Italy on Friday offered its air bases to third countries to impose a no-fly zone on Libya after the UN Security Council cleared the way for air strikes.
Italy has "granted the use of military bases on its national territory," the government's press office said after an emergency cabinet meeting in Rome.
"The Americans and the British have already made requests for some bases," Defence Minister Ignazio La Russa told a meeting in parliament.
He added that the bases of Amendola, Gioia del Colle, Sigonella, Aviano, Trapani, Decimomannu and Pantelleria were available for operations.
The use of Italy's air bases is seen as crucial for any action because of its strategic location across the Mediterranean from northern Libya.
La Russa also said however that the use of Italy's own armed forces in any action against Libya would have to be authorised by parliament.
"Our opinion is to ask parliament to authorise the use of our armed forces... an authorisation to take part in a coalition," he said.
"Our assets are ready," he told the foreign affairs committee in parliament.
"We have a strong capacity to neutralise the radars" and air defences, he said, warning that a no-fly zone would be "a seriously demanding initiative."

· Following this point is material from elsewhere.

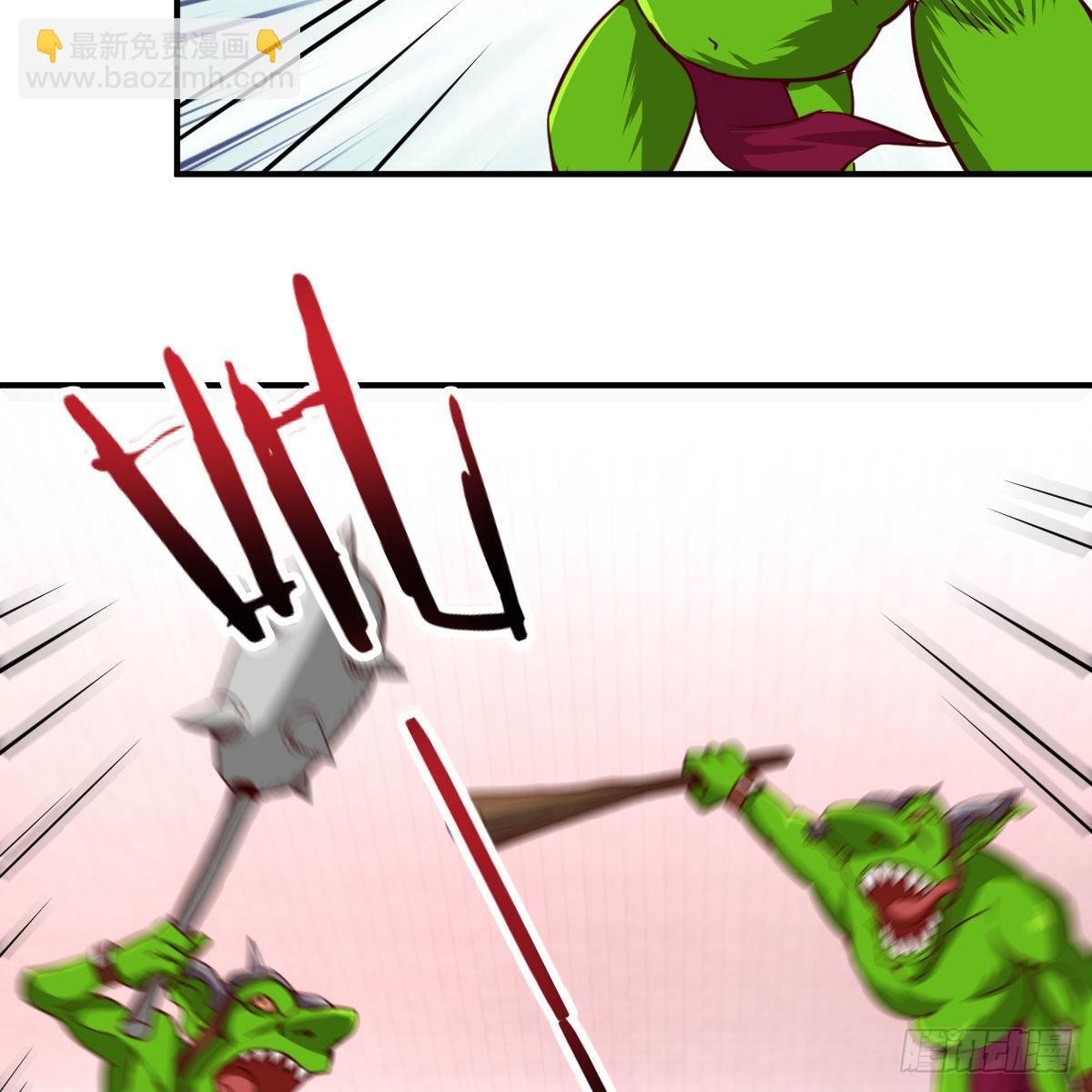 27.jpg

He said Italy was "worried" because of its location and interests in Libya.
"There's no enthusiasm, there is concern. In all of this we have tried to pursue maximum prudence and moderation also because we know that we are closer and more vulnerable, with many interests," La Russa said.
Foreign Minister Franco Frattini meanwhile told the committee that Italy had shut down its embassy in Tripoli and had asked Turkey to handle its affairs.
"Our active participation including of course the use of our bases and not only has been set in motion," Frattini said.
Frattini said Italy had also sent a ship with humanitarian supplies to rebel-held Benghazi in eastern Libya that would arrive on Saturday.
"It will be a ship filled with humanitarian aid that has been requested by the National Council," he said.
Italy, Libya's former colonial ruler and top trade partner, has been diplomatically cautious since the start of the uprising last month and has emphasised the need for wide international agreement on a no-fly zone.
Italy and Libya are bound by a 2008 friendship treaty that officially forbids the use of air bases in Italy to bomb Libya but Frattini earlier declared that the document was "de facto suspended".
Libya earlier warned Italy against taking part in international action.
"Let's hope Italy keeps out of this initiative," Libyan Deputy Foreign Minister Khaled Kaaim told Italian news agency ANSA in Tripoli on Thursday.
"We are certain Italy has Libya's integrity and the protection of the population at heart. Let's hope that it doesn't consent to the use of its bases."